Addressing a conference on Kashmir in Islamabad Tuesday, Pakistan's foreign office spokesman Dr Mohammad Faisal said Modi would be invited to the annual summit, which has been dead in the water since 2016 after India pulled out following September 18 attack on an Indian Army camp in Uri by four Pakistani terrorists, who killed 19 soldiers before being gunned down. Subsequently Afghanistan, Bangladesh and Bhutan also pulled out.
Claiming that the inauguration of the Kartarpur Corridor, which would allow Sikh pilgrims visa-free travel to the gurdwara in Pakistan, was a "great success story" for Pakistan, Faisal admitted that -"We fought a war with India, relations cannot be fixed quickly.-" Dr Faisal said.

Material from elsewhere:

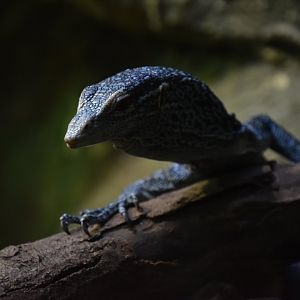 Blue tree monitor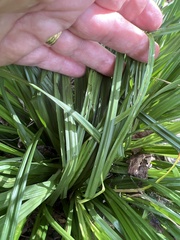 Liriope spicata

"Unless there has been some back channel decision, it is highly unlikely that Modi will attend," said former foreign secretary Shashank. Noting that the US too is exerting pressure on Pakistan on terror, he said while the other lower level SAARC talks would continue, Modi was unlikely to attend the summit, which is only for the heads of states or governments.
"Last time Modi said he was not going. I'd be surprised if he goes this time," concurred former ambassador and Lt Governor of Andamanan and Nicobar islands and Puducherry Nagendra Nath Jha. "SAARC is doomed in any case. That's why we started the Bay of Bengal Initiative for Multi-Sectoral Technical and Economic Cooperation (BIMSTEC) and Bangladesh, Bangladesh, Bhutan, India, Nepal (BBIN) Initiative," he said.
"When the chief minister of Punjab refuses to attend the Kartapur corridor opening in Pakistan citing terror, do you seriously think the Prime minister will attend an event in Pakistan?" asked another official. "Invitations are easy. It is up to our Prime Minister to accept or decline," he smiled.
SAARC member states include Afghanistan, Bangladesh, Bhutan, India, Nepal, the Maldives, Pakistan and Sri Lanka.